Previous Match Infographics: Manchester City (h), Arsenal (h), Manchester United (h), Norwich (a), Stoke (h), Reading (h), Everton (a), Newcastle (h), Chelsea (a), Wigan (h), Swansea (a)
As always, match data from Stats Zone and Squawka.
Aside from possession, Liverpool's stats were quite similar to Sunday's match against Swansea. 14 more passes than on Sunday. Four fewer shots – 17 to 21 – with four fewer on target, but one more goal. Three more tackles and seven fewer interceptions, and like against Swansea, many came in the opposition's half. Which I guess is no surprise given Liverpool started with the same XI and made similar substitutions.
At the same time, Spurs attempted and completed around 200 fewer passes than Swansea on Sunday, making approximately half as many in the attacking third. After Swansea had made the most tackles by any Liverpool opponent this season, Spurs did one better with 27 successful out of 37 attempted. Spurs also had fewer shots than Swansea did, but put seven of theirs on target compared to two from the Swans.
The short version is: statistics lie. Or, at least, some statistics lie. But we've long since learned that possession and passes don't necessarily translate into results.

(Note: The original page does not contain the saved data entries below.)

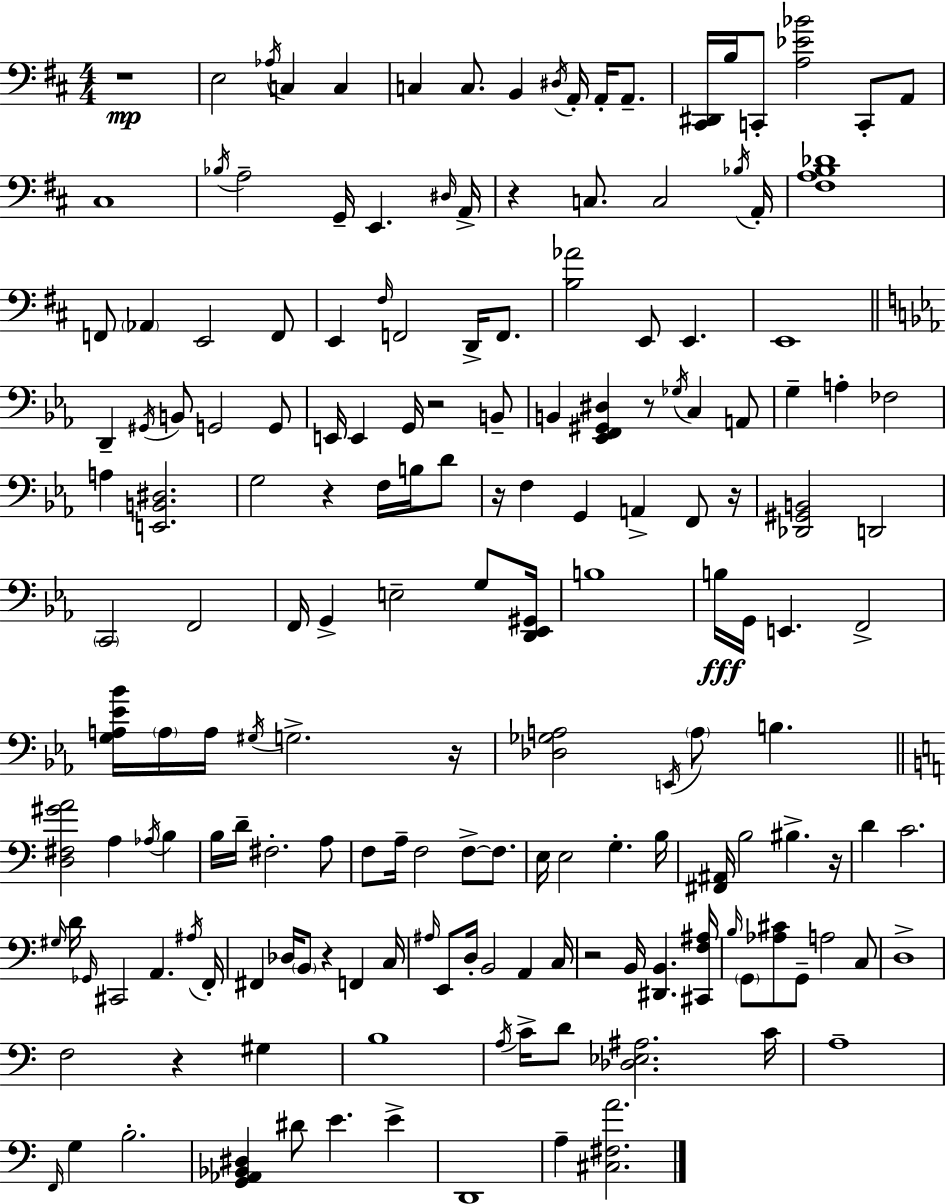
{
  \clef bass
  \numericTimeSignature
  \time 4/4
  \key d \major
  r1\mp | e2 \acciaccatura { aes16 } c4 c4 | c4 c8. b,4 \acciaccatura { dis16 } a,16-. a,16-. a,8.-- | <cis, dis,>16 b16 c,8-. <a ees' bes'>2 c,8-. | \break a,8 cis1 | \acciaccatura { bes16 } a2-- g,16-- e,4. | \grace { dis16 } a,16-> r4 c8. c2 | \acciaccatura { bes16 } a,16-. <fis a b des'>1 | \break f,8 \parenthesize aes,4 e,2 | f,8 e,4 \grace { fis16 } f,2 | d,16-> f,8. <b aes'>2 e,8 | e,4. e,1 | \break \bar "||" \break \key ees \major d,4-- \acciaccatura { gis,16 } b,8 g,2 g,8 | e,16 e,4 g,16 r2 b,8-- | b,4 <ees, f, gis, dis>4 r8 \acciaccatura { ges16 } c4 | a,8 g4-- a4-. fes2 | \break a4 <e, b, dis>2. | g2 r4 f16 b16 | d'8 r16 f4 g,4 a,4-> f,8 | r16 <des, gis, b,>2 d,2 | \break \parenthesize c,2 f,2 | f,16 g,4-> e2-- g8 | <d, ees, gis,>16 b1 | b16\fff g,16 e,4. f,2-> | \break <g a ees' bes'>16 \parenthesize a16 a16 \acciaccatura { gis16 } g2.-> | r16 <des ges a>2 \acciaccatura { e,16 } \parenthesize a8 b4. | \bar "||" \break \key c \major <d fis gis' a'>2 a4 \acciaccatura { aes16 } b4 | b16 d'16-- fis2.-. a8 | f8 a16-- f2 f8->~~ f8. | e16 e2 g4.-. | \break b16 <fis, ais,>16 b2 bis4.-> | r16 d'4 c'2. | \grace { gis16 } d'16 \grace { ges,16 } cis,2 a,4. | \acciaccatura { ais16 } f,16-. fis,4 des16 \parenthesize b,8 r4 f,4 | \break c16 \grace { ais16 } e,8 d16-. b,2 | a,4 c16 r2 b,16 <dis, b,>4. | <cis, f ais>16 \grace { b16 } \parenthesize g,8 <aes cis'>8 g,8-- a2 | c8 d1-> | \break f2 r4 | gis4 b1 | \acciaccatura { a16 } c'16-> d'8 <des ees ais>2. | c'16 a1-- | \break \grace { f,16 } g4 b2.-. | <g, aes, bes, dis>4 dis'8 e'4. | e'4-> d,1 | a4-- <cis fis a'>2. | \break \bar "|."
}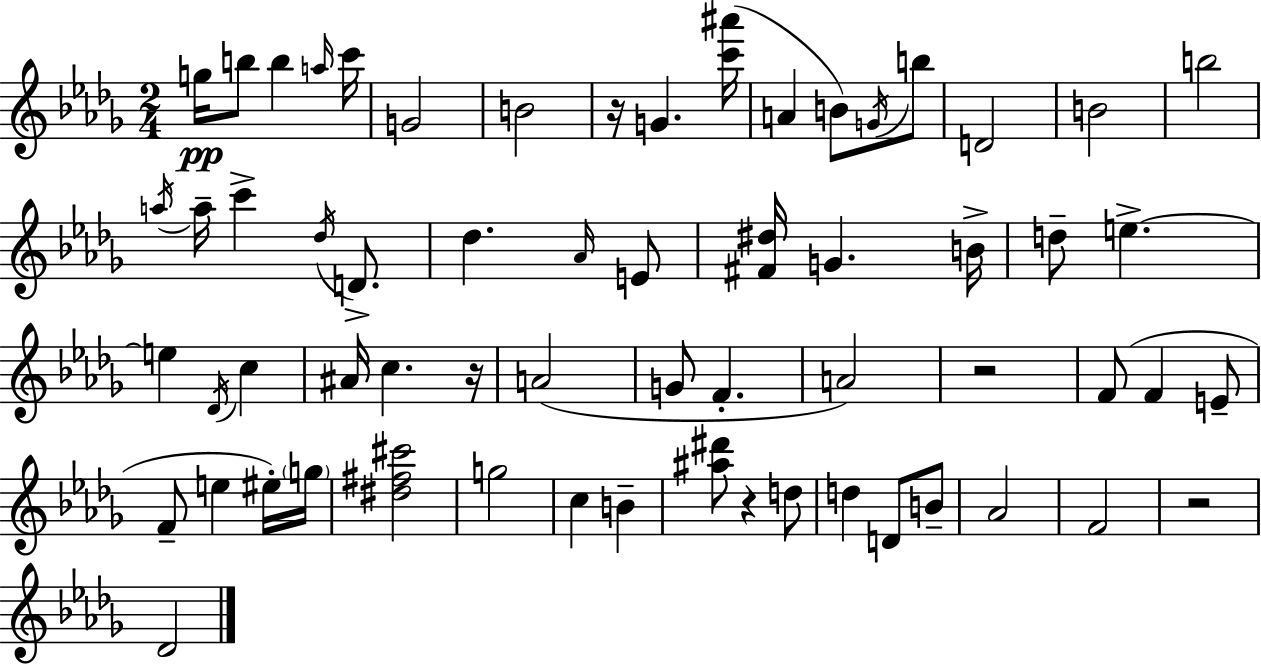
X:1
T:Untitled
M:2/4
L:1/4
K:Bbm
g/4 b/2 b a/4 c'/4 G2 B2 z/4 G [c'^a']/4 A B/2 G/4 b/2 D2 B2 b2 a/4 a/4 c' _d/4 D/2 _d _A/4 E/2 [^F^d]/4 G B/4 d/2 e e _D/4 c ^A/4 c z/4 A2 G/2 F A2 z2 F/2 F E/2 F/2 e ^e/4 g/4 [^d^f^c']2 g2 c B [^a^d']/2 z d/2 d D/2 B/2 _A2 F2 z2 _D2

For the first time, a defender is Liverpool's most voluminous passer, rather than Gerrard or Allen. Agger attempted 72 passes, completing 64. Just eight came in Spurs' half, including one of the six Liverpool chances created. Five of those six were created by defenders, the sixth from Enrique. None from Gerrard, Sterling, Henderson, Shelvey, or – as against Swansea – Suarez, for just the ninth time in his 55 Premiership starts. Granted, he set up one of Liverpool's best opportunities – the throughball that should have led to a Gerrard penalty – and, as per usual, registered far more shots than any other Liverpool player. Small margins, but the last two matches have sadly reinforced the notion that as Suarez goes, so goes Liverpool. If not Suarez then no one, unless we get a comedy own goal off of Bale's face.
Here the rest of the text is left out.